Except that it rarely works like that. Here in Alabama the state government has given away millions in tax breaks to large multi-nationals and there is no evidence at all that these companies have brought in jobs from other states. They can’t even show that any increase in income, sale or property taxes due to the increased hiring of the favored corporation. In many cases the companies have not even hired the number of people agreed to in the incentive agreements and there are never any clawback provisions when the companies don’t live up to their part of the bargain.
Great article…right on point…now if congress had thought of a law in the mid 70’s that would balance out the loss of local capital when s&p and Moody’s twisted erisa to bleed money from local communities…we could call it the community reinvestment act to make sure that banks were federally mandated to lend All required capital needs so the Fed could fulfill its statutory mandate of full employment…and…hey…

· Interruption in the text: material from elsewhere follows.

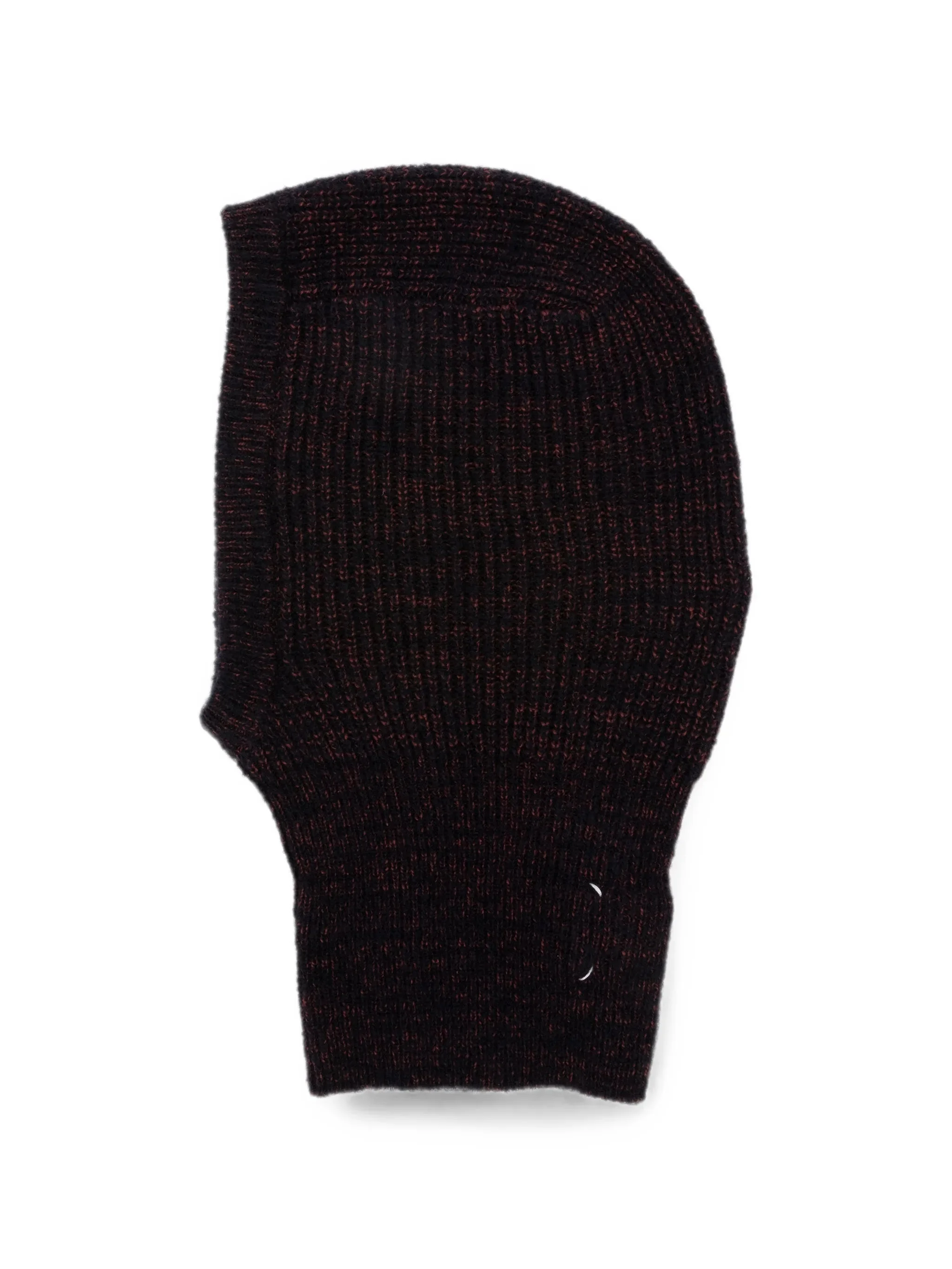 Maison Margiela Ribbed Four Stitches Balaclava - 1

Now…wait a minute…the drugs are wearing off…there is such a law…but let’s not mention it in front of the children…might give them a sugar rush
The American Dental Association has dedicated substantial research into the business of dentistry – which despite corporate inroads, is still primarily comprised of small businesses. While dentists (along with all other healthcare providers) have been hammered by politicians about access to care problems, research continues to show that the main barrier to care is financial, not access. Supply side solutions have been driving the policy bus, resulting in a huge expansion in the number of dentists graduating every year, and yet there continues to be widespread dental problems that result from people not obtaining dental care until there is a problem they can’t ignore. Certainly, my sympathies lie with people who need care they can’t afford. But since this is a post about small business, it’s also important to remember that when people can’t afford to go into to see the dentist, it is difficult to keep dentists (small businesses) in business. Corporate dental groups are growing and small business dental offices shrinking because the financial and tax structure of the corporate dental business is completely different (and far more lucrative) than that of a private practitioner. I’d go one step further than Amanda Ballentyne and say that small business owners not only what more customers (or in my case patients) but also a level playing field – the tax breaks given to corporate dental owners kill the small business dentists over the long run because of the huge financial advantage they have and should NOT be ignored.

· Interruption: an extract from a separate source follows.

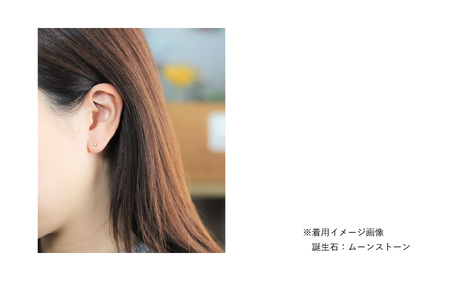 【カタログギフト】ふるさと納税限定｜10金 誕生石ピアス / カタログK10-06 [AM300] 金 ゴールド ジュエリー アクセサリー カタログ ギフト プレゼント レディース シンプル 定番 ピ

I’m glad the ADA has the research to fight back against supply side solutions, but any private dentist could have told them the the biggest problem facing our patients is not enough money. The supply side solutions have been extremely good for corporate dentistry – most of the new dentists go on to be employees of corporate dental groups instead of small business owners. None of this is good for patients or our communities as continuity of patient care and community involvement is lost.